- [WHAT YOU HAVE TO DO]: What you return must match the records word for word, except that pictures are dropped.

(Pictures with short captions)
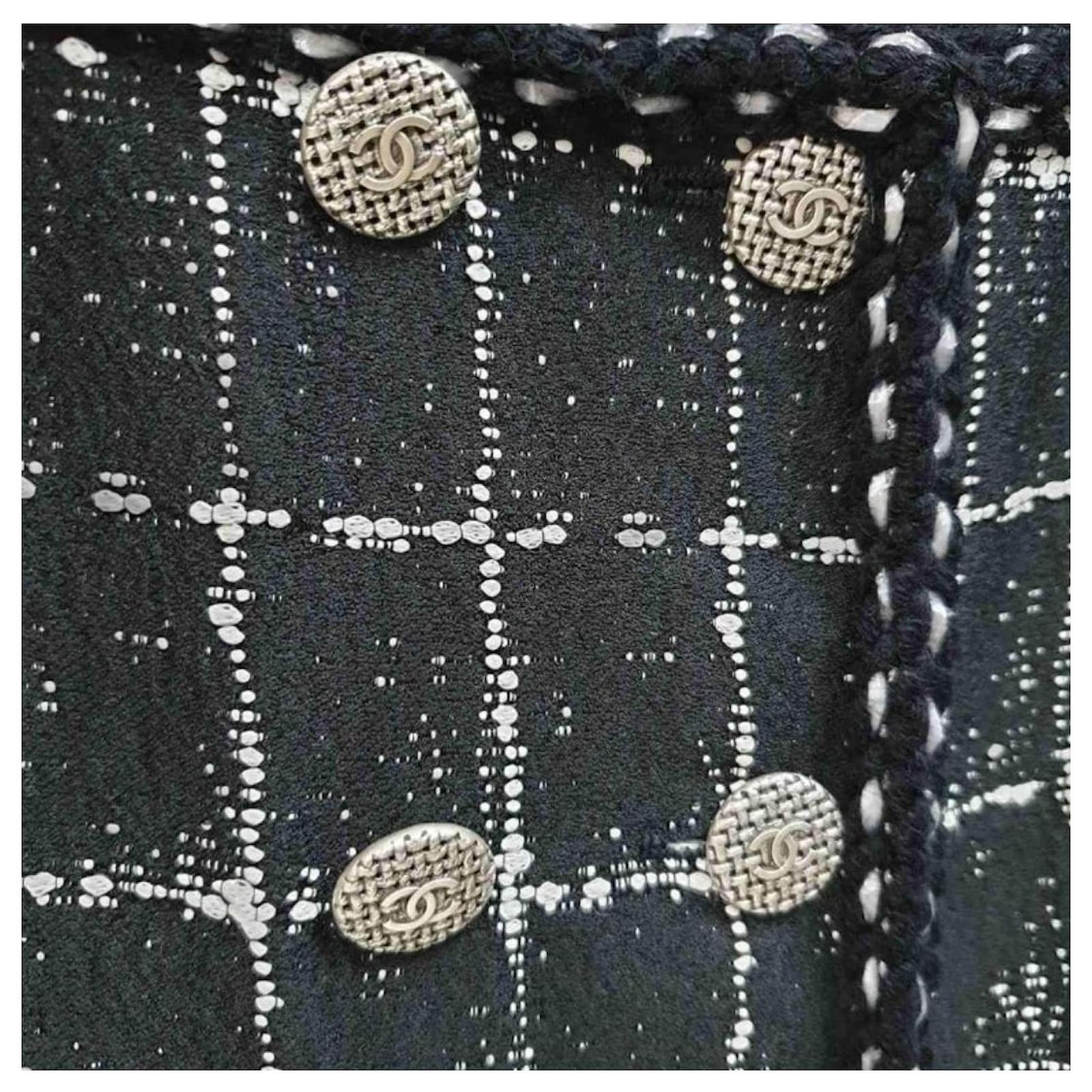 Chanel 2014 Black and White Tweed Jacket Multiple colors ref.896689 - Joli  Closet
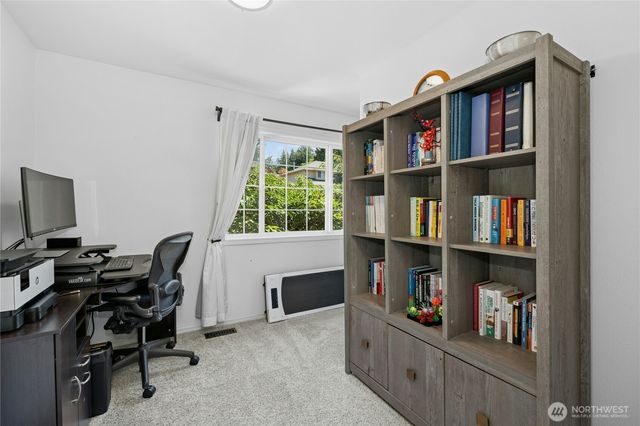 512 Runquist Court, Steilacoom, WA 98388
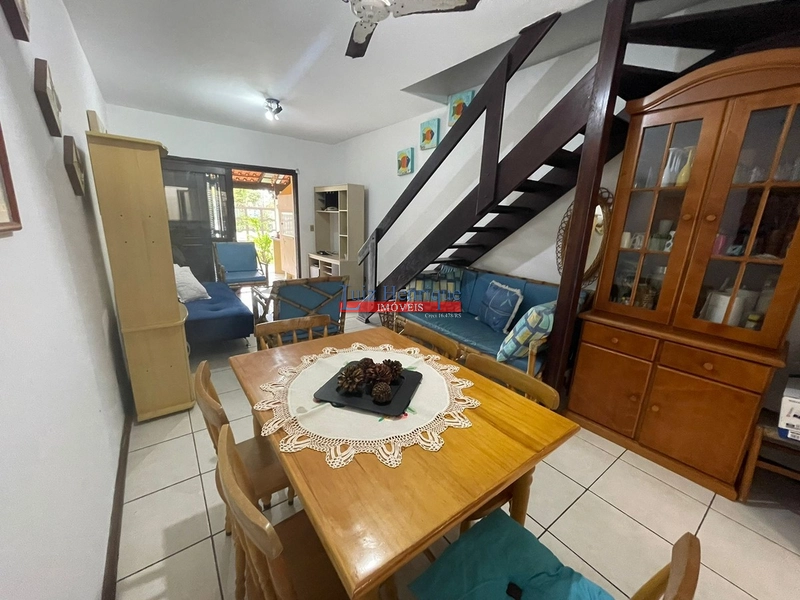 Bem localizado: 6ª foto da galeria de imagens do imóvel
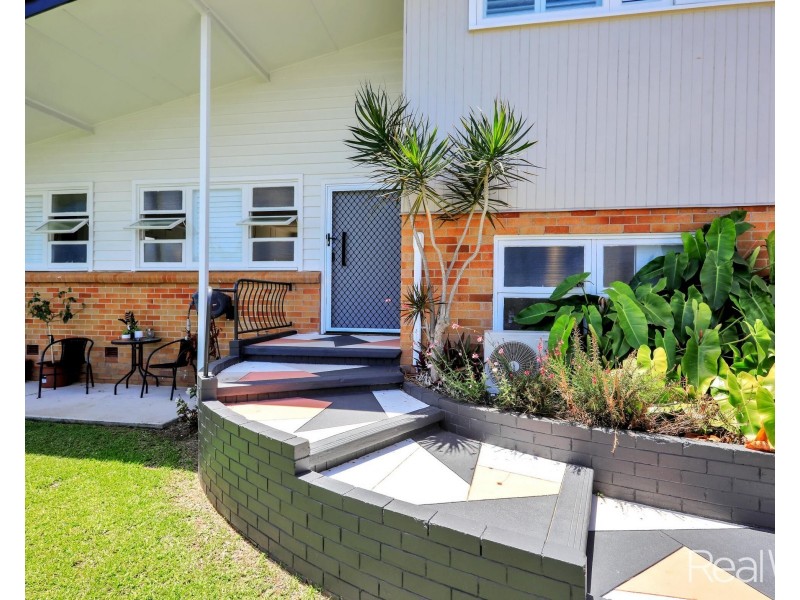 10 Svensson Street, Svensson Heights QLD 4670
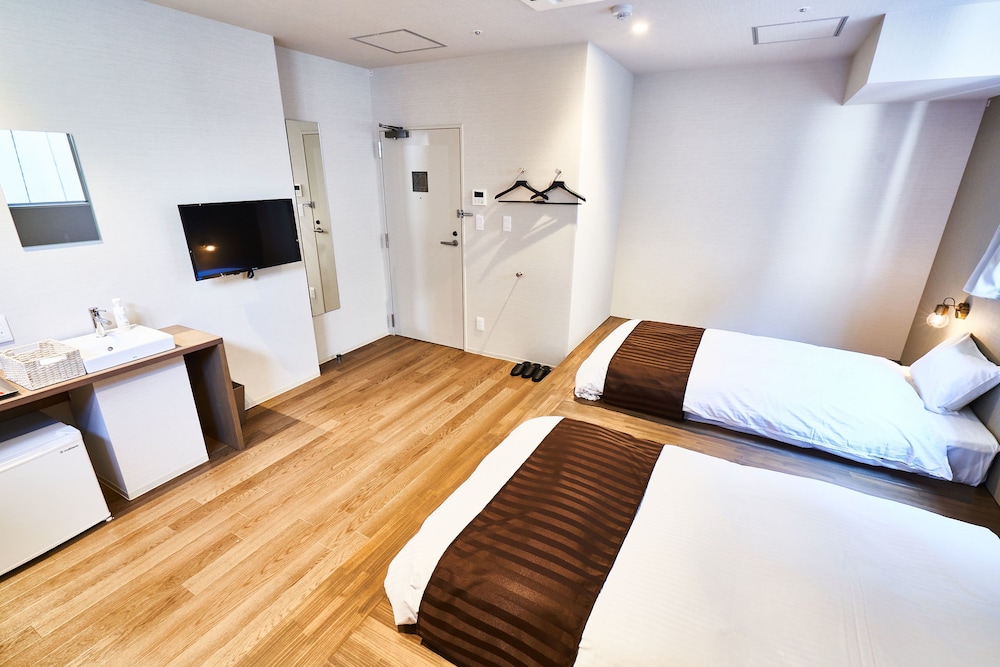 アンドホステル本町イースト 大阪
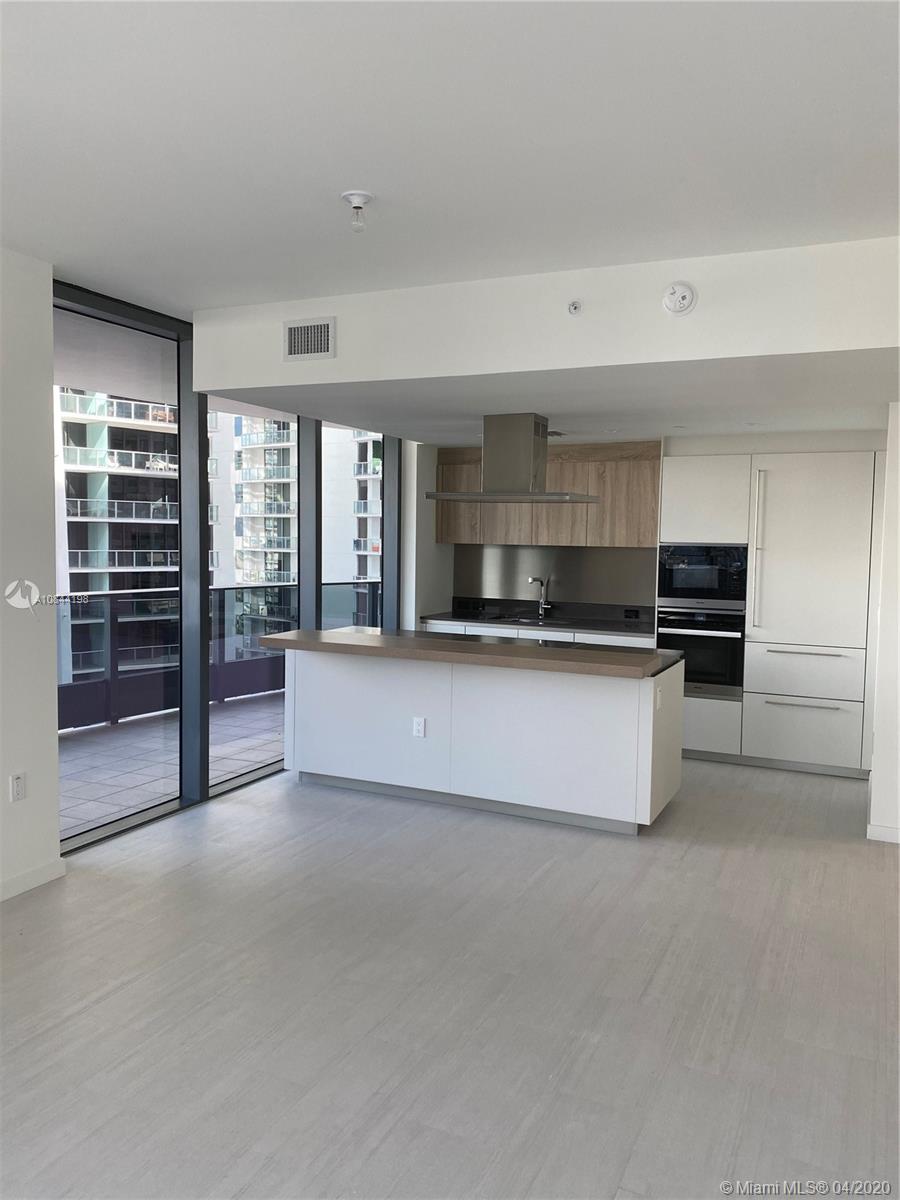 image Brickell Flatiron16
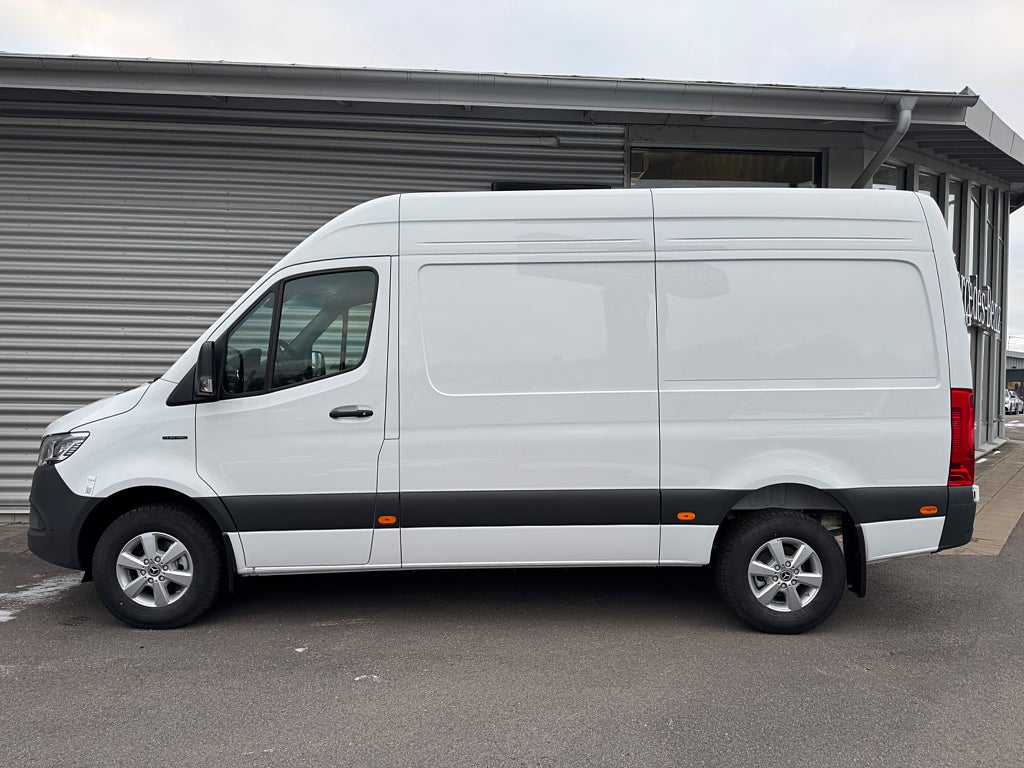 Mercedes-Benz Sprinter eSprinter 320 Skåp A2 SELECT 81 kWh - bild 3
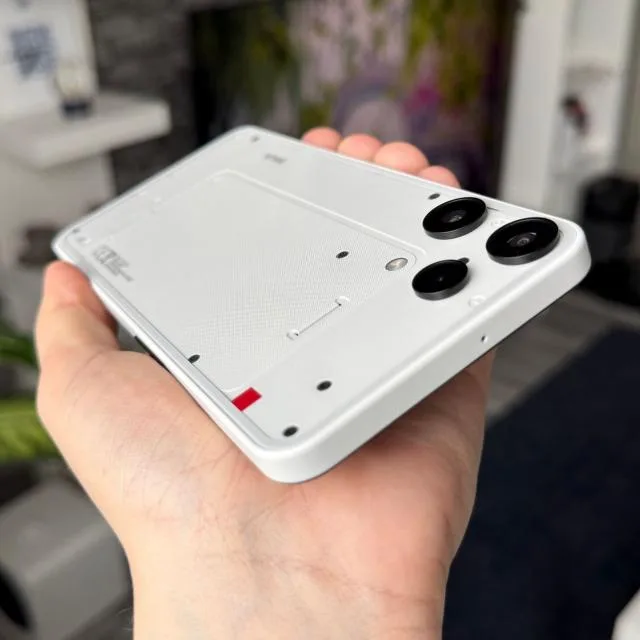 Telefonul CMF Phone 3 Pro cu design modern și camere duale.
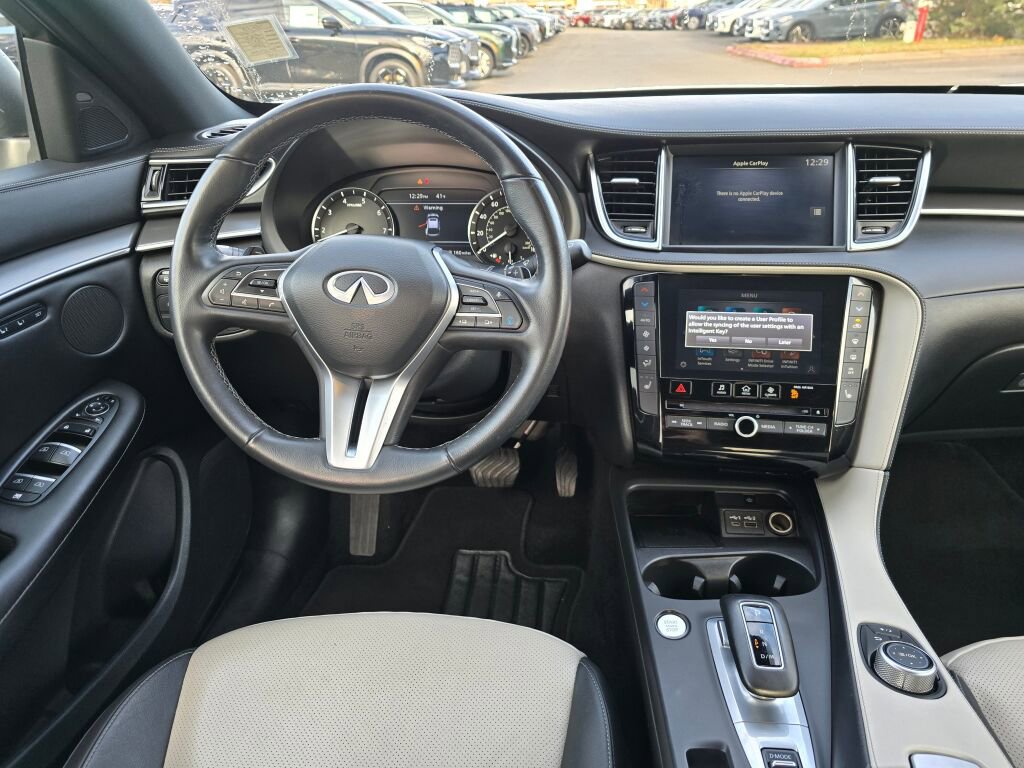 Used 2024 INFINITI QX55 Luxe image 17
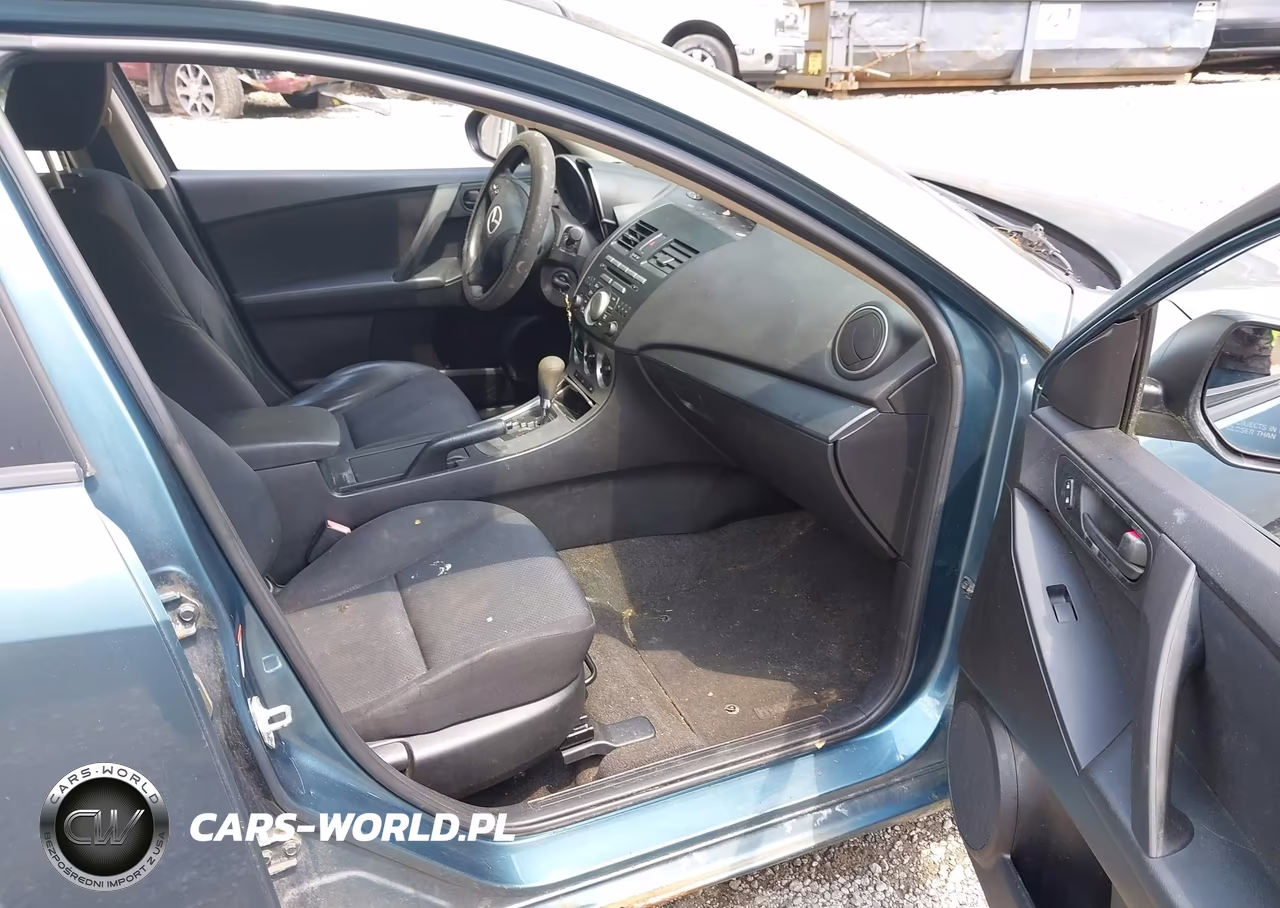 2011 Mazda Mazda3 I Sport VIN:JM1BL1UG2B1382008 - 5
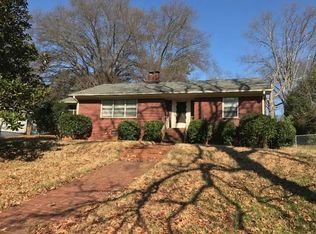 524 Grove Rd, Greenville, SC 29605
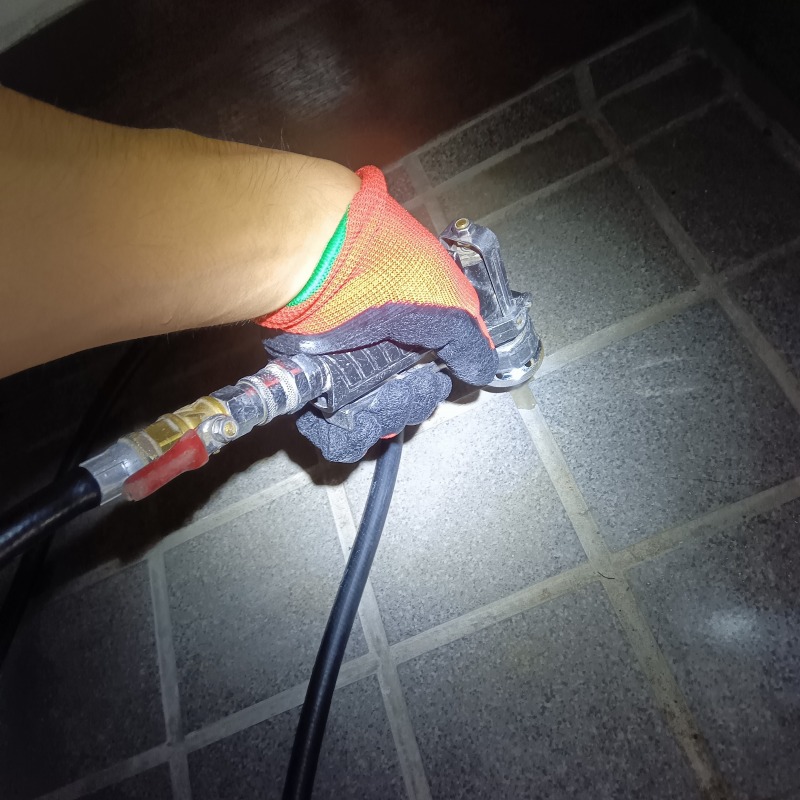 タイルに穴を開けてシロアリ駆除剤を注入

- [COMPLETED EXERCISE]:
 Chanel 2014 Black and White Tweed Jacket Multiple colors ref.896689 - Joli  Closet
 512 Runquist Court, Steilacoom, WA 98388
 Bem localizado: 6ª foto da galeria de imagens do imóvel
 10 Svensson Street, Svensson Heights QLD 4670
 アンドホステル本町イースト 大阪
 image Brickell Flatiron16
 Mercedes-Benz Sprinter eSprinter 320 Skåp A2 SELECT 81 kWh - bild 3
 Telefonul CMF Phone 3 Pro cu design modern și camere duale.
 Used 2024 INFINITI QX55 Luxe image 17
 2011 Mazda Mazda3 I Sport VIN:JM1BL1UG2B1382008 - 5
 524 Grove Rd, Greenville, SC 29605
 タイルに穴を開けてシロアリ駆除剤を注入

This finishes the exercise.